== Required work ==
Once you reach the line containing "They not only" in the entries below, write out that line and each one after it down to the line containing "Now that the", exactly and with nothing added.
::::
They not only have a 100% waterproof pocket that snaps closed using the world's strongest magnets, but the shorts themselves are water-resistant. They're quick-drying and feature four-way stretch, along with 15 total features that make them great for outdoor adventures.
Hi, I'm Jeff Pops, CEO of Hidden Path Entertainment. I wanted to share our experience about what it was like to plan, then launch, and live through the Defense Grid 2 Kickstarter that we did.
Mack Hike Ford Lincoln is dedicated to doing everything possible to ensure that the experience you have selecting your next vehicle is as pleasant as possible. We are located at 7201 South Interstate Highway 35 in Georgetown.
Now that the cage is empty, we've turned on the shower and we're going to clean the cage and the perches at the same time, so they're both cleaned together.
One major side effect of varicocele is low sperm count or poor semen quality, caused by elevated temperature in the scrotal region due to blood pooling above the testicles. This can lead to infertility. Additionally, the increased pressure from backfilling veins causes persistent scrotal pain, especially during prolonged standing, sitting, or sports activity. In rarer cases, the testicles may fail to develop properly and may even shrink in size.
::::
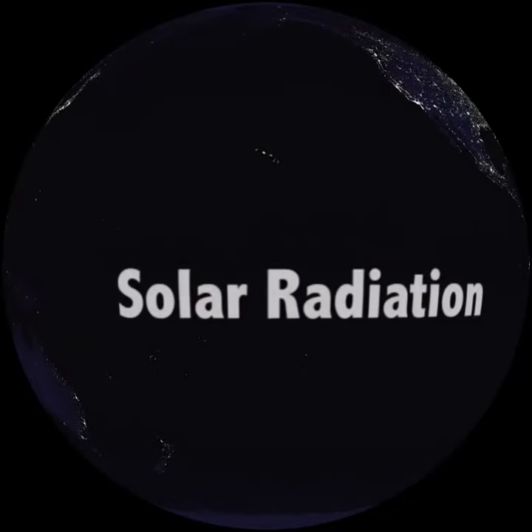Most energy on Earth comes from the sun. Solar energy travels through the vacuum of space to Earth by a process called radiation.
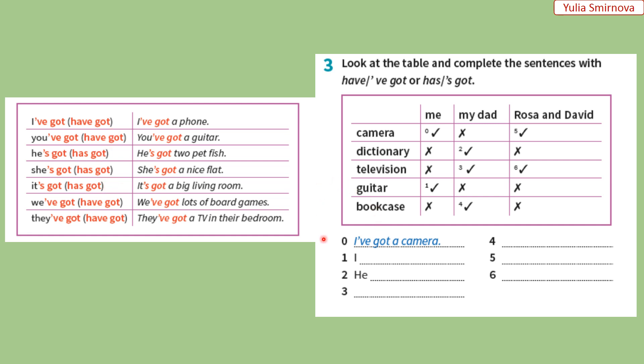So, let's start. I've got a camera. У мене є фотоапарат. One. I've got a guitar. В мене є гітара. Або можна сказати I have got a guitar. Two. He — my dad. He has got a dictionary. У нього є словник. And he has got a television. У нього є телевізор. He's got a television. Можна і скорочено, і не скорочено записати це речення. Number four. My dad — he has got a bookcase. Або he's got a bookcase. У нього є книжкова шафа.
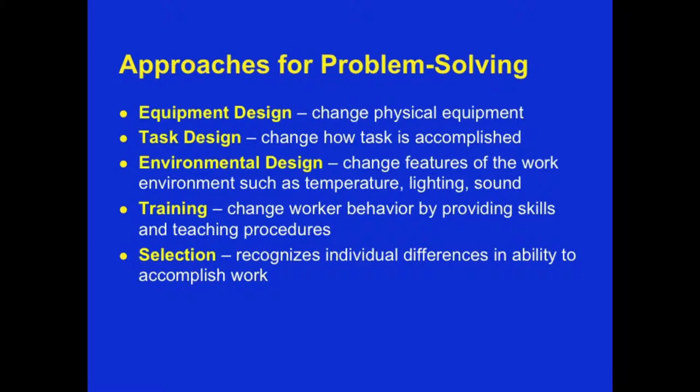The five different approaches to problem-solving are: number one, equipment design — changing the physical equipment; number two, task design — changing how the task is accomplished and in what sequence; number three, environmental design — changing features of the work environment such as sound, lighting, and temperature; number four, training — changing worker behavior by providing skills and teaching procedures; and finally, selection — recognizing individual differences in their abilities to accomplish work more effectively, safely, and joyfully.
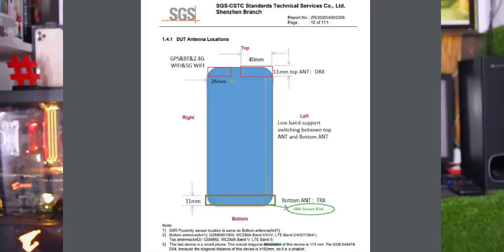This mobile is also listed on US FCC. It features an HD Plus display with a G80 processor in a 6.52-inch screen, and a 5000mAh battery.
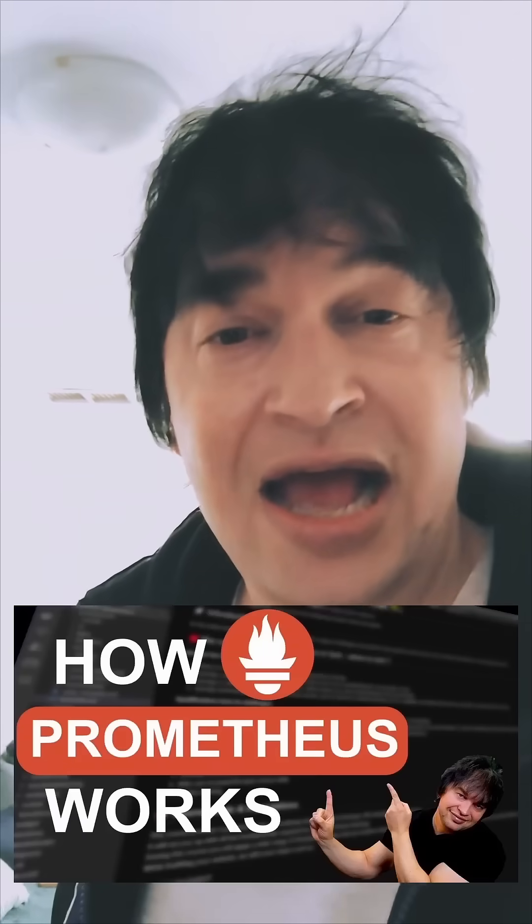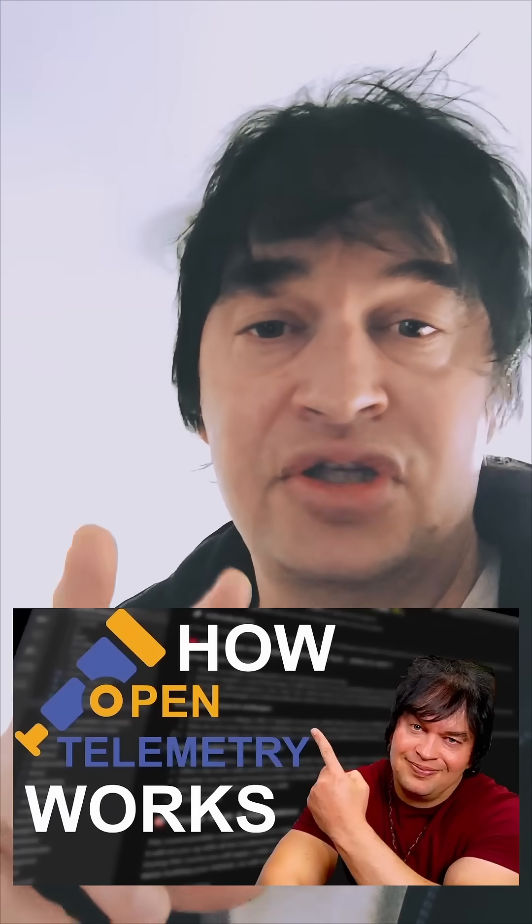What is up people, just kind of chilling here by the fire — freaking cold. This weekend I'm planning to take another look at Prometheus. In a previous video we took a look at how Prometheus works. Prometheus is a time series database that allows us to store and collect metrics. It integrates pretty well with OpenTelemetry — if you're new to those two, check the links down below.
::::
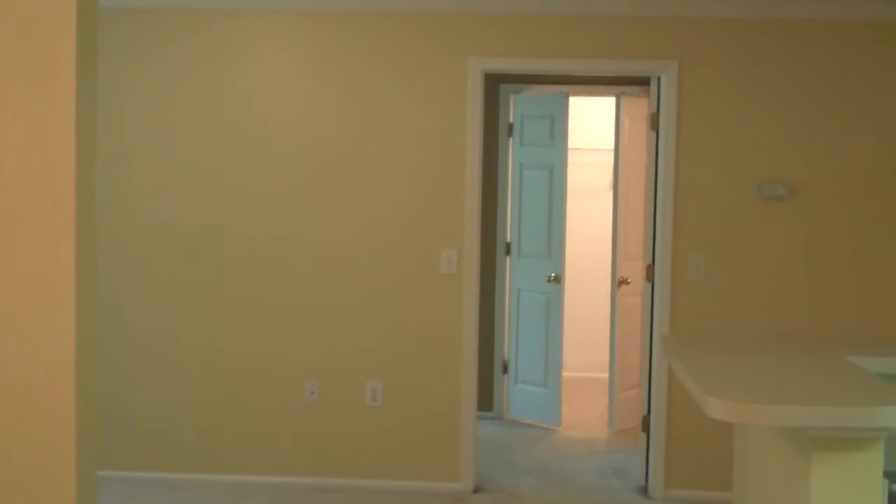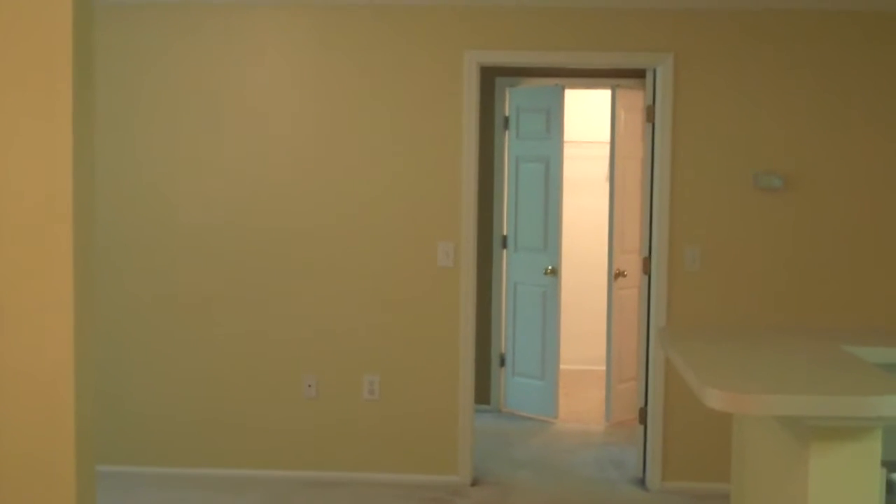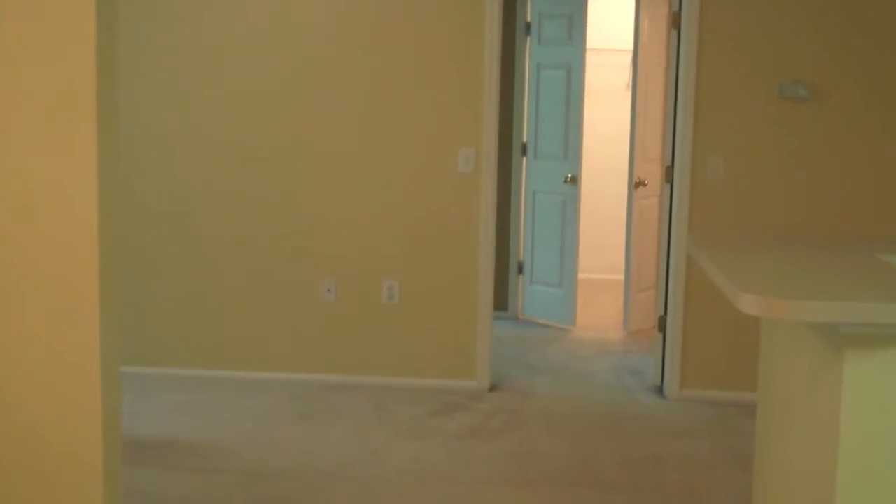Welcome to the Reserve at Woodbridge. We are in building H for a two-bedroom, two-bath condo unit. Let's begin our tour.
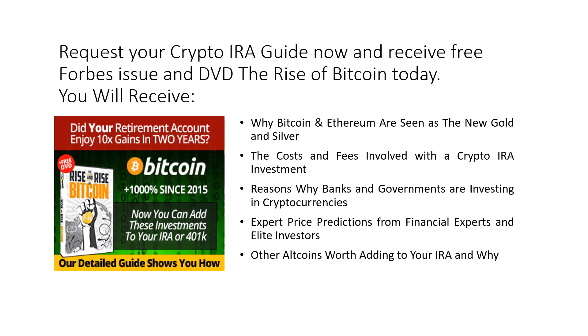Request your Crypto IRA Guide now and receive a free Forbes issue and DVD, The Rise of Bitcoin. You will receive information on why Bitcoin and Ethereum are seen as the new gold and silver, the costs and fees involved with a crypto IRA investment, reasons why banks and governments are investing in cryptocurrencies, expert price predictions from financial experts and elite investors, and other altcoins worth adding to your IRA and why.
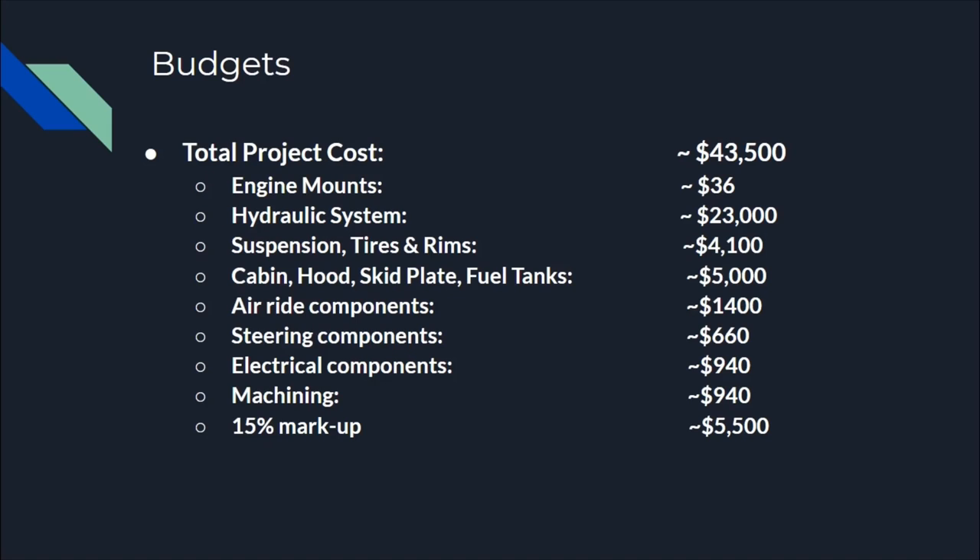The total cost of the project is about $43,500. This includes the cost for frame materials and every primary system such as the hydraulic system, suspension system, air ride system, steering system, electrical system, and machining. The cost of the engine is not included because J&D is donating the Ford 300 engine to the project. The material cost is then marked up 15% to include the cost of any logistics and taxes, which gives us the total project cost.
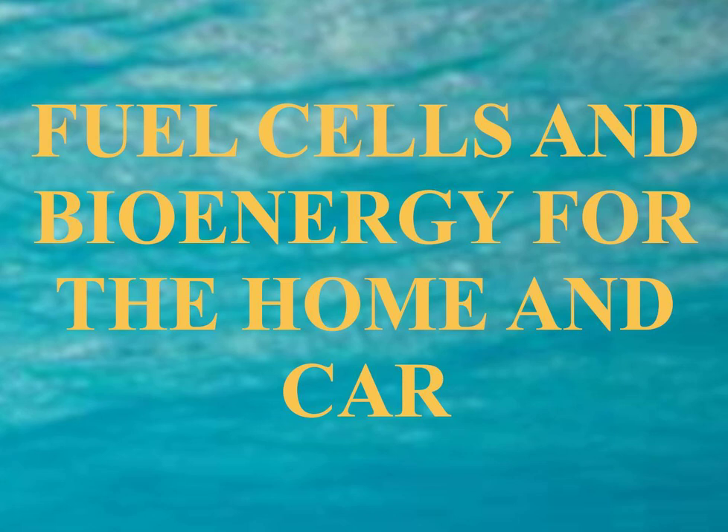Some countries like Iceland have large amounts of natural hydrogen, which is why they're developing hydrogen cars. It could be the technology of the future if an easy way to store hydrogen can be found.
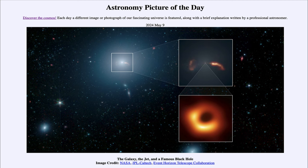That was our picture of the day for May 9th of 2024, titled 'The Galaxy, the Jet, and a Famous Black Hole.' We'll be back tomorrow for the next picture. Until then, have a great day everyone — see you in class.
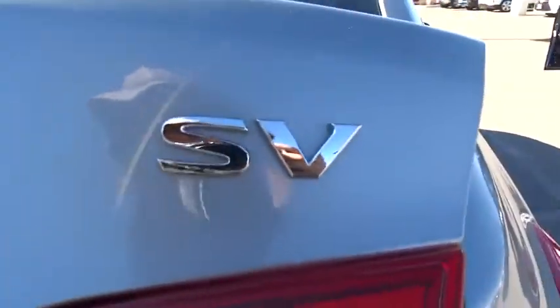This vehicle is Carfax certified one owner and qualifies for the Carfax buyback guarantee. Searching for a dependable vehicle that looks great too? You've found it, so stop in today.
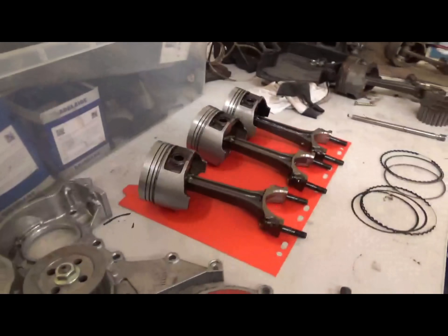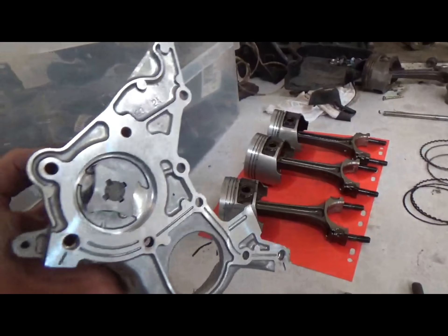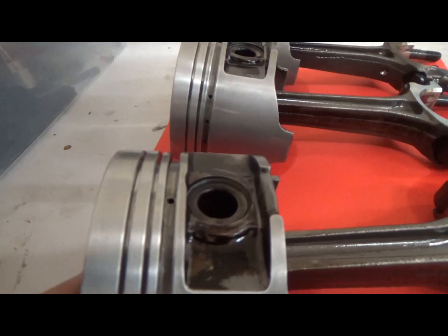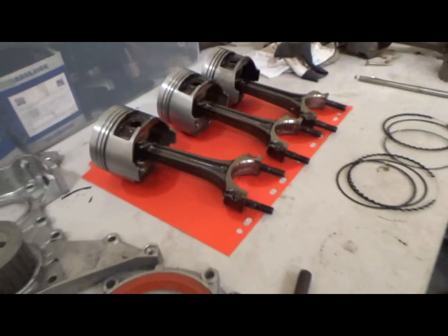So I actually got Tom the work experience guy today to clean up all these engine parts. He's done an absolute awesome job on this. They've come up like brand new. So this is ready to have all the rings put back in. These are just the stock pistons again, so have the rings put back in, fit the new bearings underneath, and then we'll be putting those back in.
::::
== Exercise result ==
They not only have a 100% waterproof pocket that snaps closed using the world's strongest magnets, but the shorts themselves are water-resistant. They're quick-drying and feature four-way stretch, along with 15 total features that make them great for outdoor adventures.
Hi, I'm Jeff Pops, CEO of Hidden Path Entertainment. I wanted to share our experience about what it was like to plan, then launch, and live through the Defense Grid 2 Kickstarter that we did.
Mack Hike Ford Lincoln is dedicated to doing everything possible to ensure that the experience you have selecting your next vehicle is as pleasant as possible. We are located at 7201 South Interstate Highway 35 in Georgetown.
Now that the cage is empty, we've turned on the shower and we're going to clean the cage and the perches at the same time, so they're both cleaned together.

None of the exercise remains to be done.